CONCLUDE sostenendo che le deduzioni di Lombroso erano arrischiate perché la fossetta da sola non bastava ed era necessario dimostrare che in quella fossetta “si annicchiasse un terzo lobo del cervelletto” (Milicia 2014, p. 40), cosa che solo con l’autopsia si poteva dimostrare. Nel passo successivo, Verga avanza una precisa richiesta: «Io pertanto non ho il coraggio di dividere un’opinione così arrischiata e... avrei bisogno che il Prof. Lombroso e il Prof. Zoja mi assicurassero di aver veduto questo terzo lobo, o lobo medio del cervelletto, con i loro occhi» (Milicia 2014, p. 40). Questa assicurazione Lombroso non poteva darla per via diretta (non è stato lui a fare l’autopsia di Villella) e nemmeno per via indiretta (la morte prematura di Zanini, che ha firmato il certificato di morte di Villella e, presumibilmente, ha fatto l’autopsia, gli impedisce di acquisire informazioni indirette su quanto chiede Verga). 

LOMBROSO capisce di dover sviluppare l’alternativa di rendere più autorevoli e precise le informazioni su Villella in vita. Lo fa nel 1874, negli Annali Universali di Medicina (Raccolta di casi attinenti alla medicina legale. VIII. Deformità cranica congenita in un vecchio delinquente, vol. 227): 

a) nella prima parte del testo, attribuisce al Villella 60 anni, non 69. Non potendosi fare, al tempo, operazioni di taglia e incolla, questo può anche essere un errore di stampa; 

b) come parte finale del testo, aggiunge la fonte delle sue informazioni su Villella in vita, una fonte che è autorevole perché si tratta del Procuratore del Re di Catanzaro; le informazioni ricavate da interviste ai suoi compagni di carcere, in particolare, e vedremo che la cosa è importante, sui suoi costumi sessuali; un particolare, l’ultimo, relativo a come lo hanno fermato i carabinieri, che ha tutta l’aria di essere stato direttamente ricavato dal verbale della cattura, tanto è particolare e difficile (a meno di una fervidissima fantasia) da inventare. 

LA PARTE aggiunta di testo è la seguente: «Questi [i suoi compagni di cella], cui interrogai a lungo, mi dissero, che nell’intimità loro non si mostrò libidinoso; raccontava, sì, di qualche oscenità commessa nella prima gioventù, e di aver usato con donna sodomiticamente, ma non più che nella prima gioventù, e non più che sogliano gli altri uomini di quella risma; del resto i suoi discorsi erano d’uomo di senno maturo e calmo di passioni; mai si mastrupò, giammai dimostrò ferocia né spirito vendicativo. Il Procuratore del Re di Catanzaro cortesemente m’informava risultargli che non erasi dimostrato libidinoso, che maritato ben trattava la sua donna, che dimostrò fin negli ultimi anni una grandissima agilità correndo pei monti colle pecore rubate sulle spalle e resistendo a tre robusti carabinieri che se ne poterono impadronire solo col comprimergli i testicoli» (Lombroso 1995, p. 236). 
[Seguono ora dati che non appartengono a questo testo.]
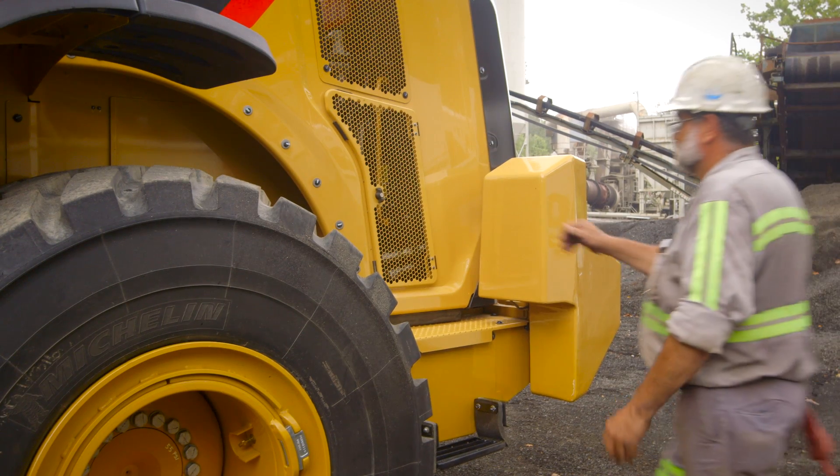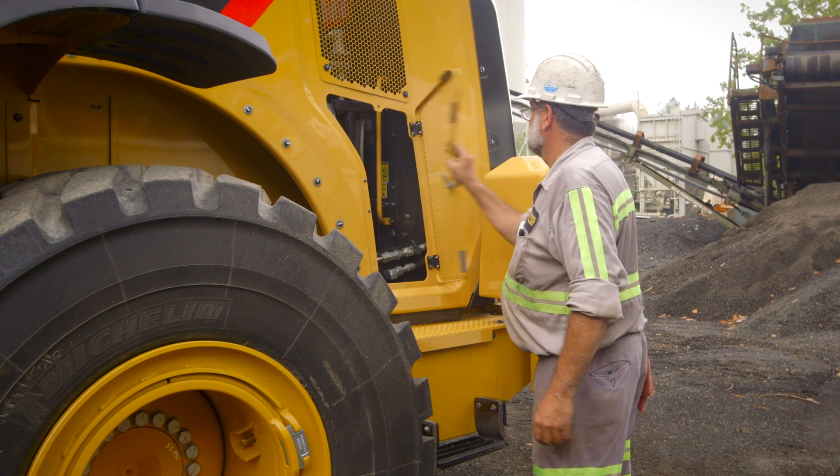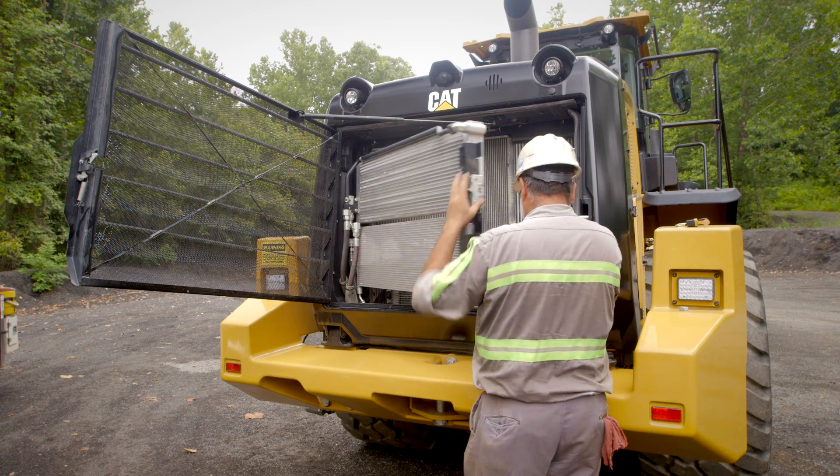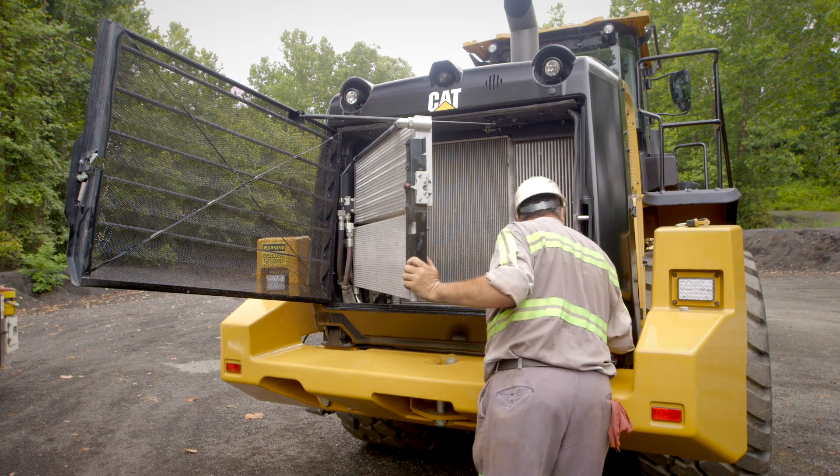As for the servicing, it's good that all the fluids go in at the left rear. You don't have to run around the entire vehicle and fill this here and that there. You have everything at one spot.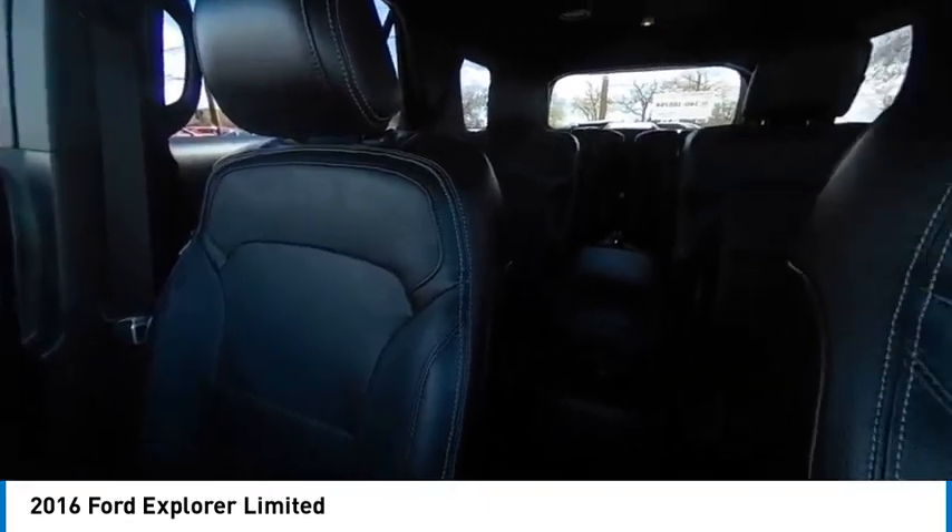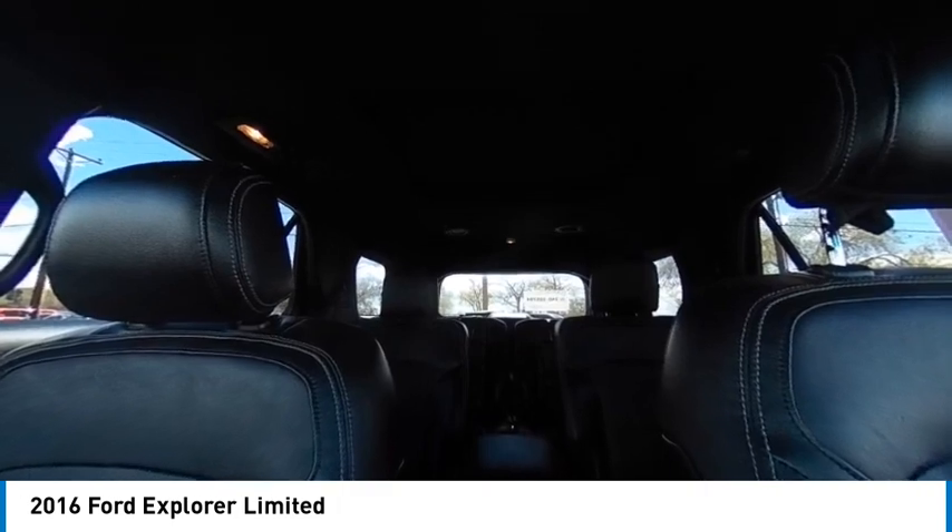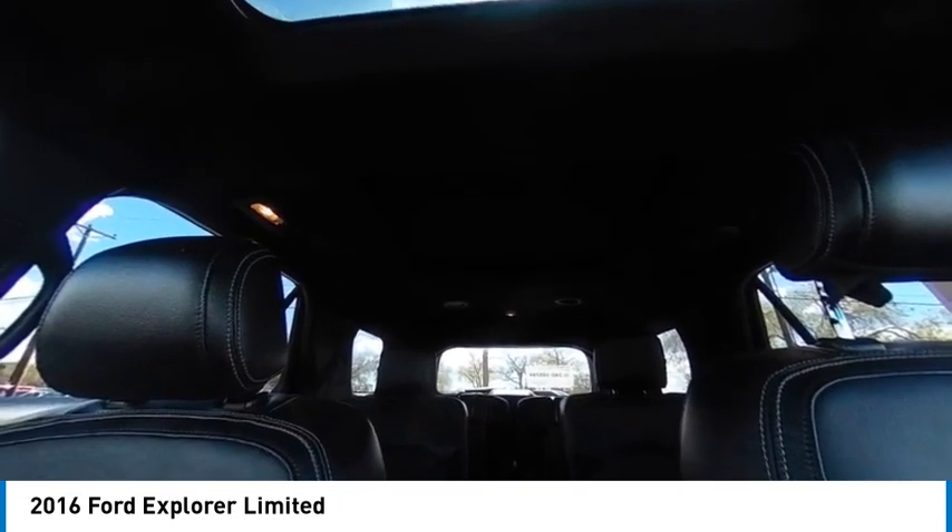Brake assist. This isn't just a vehicle, it's an experience. So stop in for a test drive today.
NEL 1876, Lombroso descrive Villella ne L’uomo delinquente e lo presenta solo come ladro. Nelle edizioni de L’uomo delinquente, Villella non è più presentato come sospetto di brigantaggio (a differenza di come ha fatto nelle prime presentazioni di quell’opera).
Dopo trent’anni, nel sesto congresso di Antropologia criminale, tenutosi nel 1906, leggendo in francese il discorso inaugurale, Lombroso comincia a parlare di un brigante non più di un sospetto di brigantaggio; afferma di “avere trovato nel cranio di un brigante tutta una serie di anomalie ataviche, soprattutto una enorme fossetta occipitale mediana...” (Milicia 2014, p. 45). 

NEL 1906, nella Illustrazione Italiana (Il mio museo criminale, a. XXXIII, n. 13, 1° aprile, pp. 302-306), insiste: «Fu in una di queste macabre ricerche che mi vidi aprirsi d’un tratto i nuovi orizzonti dell’antropologia criminale; fu quando nel dicembre del 1870, facendo l’autopsia di un brigante calabrese nelle carceri di Pavia, vi rinvenni un cervelletto mediano ed una fossetta occipitale mediana così sviluppata come nei rosicchianti. E da qui partii (non senza audacia e non senza errore) all’ipotesi che tutti i fenomeni di criminale-nato, così i somatici come gli psicologici, tatuaggio, cannibalismo, impulsività, ecc. si dovessero al riprodursi in costoro di fenomeni normali presso popoli ed animali inferiori» (Lombroso 1995, p. 326). Dice una cosa nuova, che non aveva detto al prof. Verga: che ha fatto l’autopsia del cadavere di Villella (sappiamo, però, che non è vero).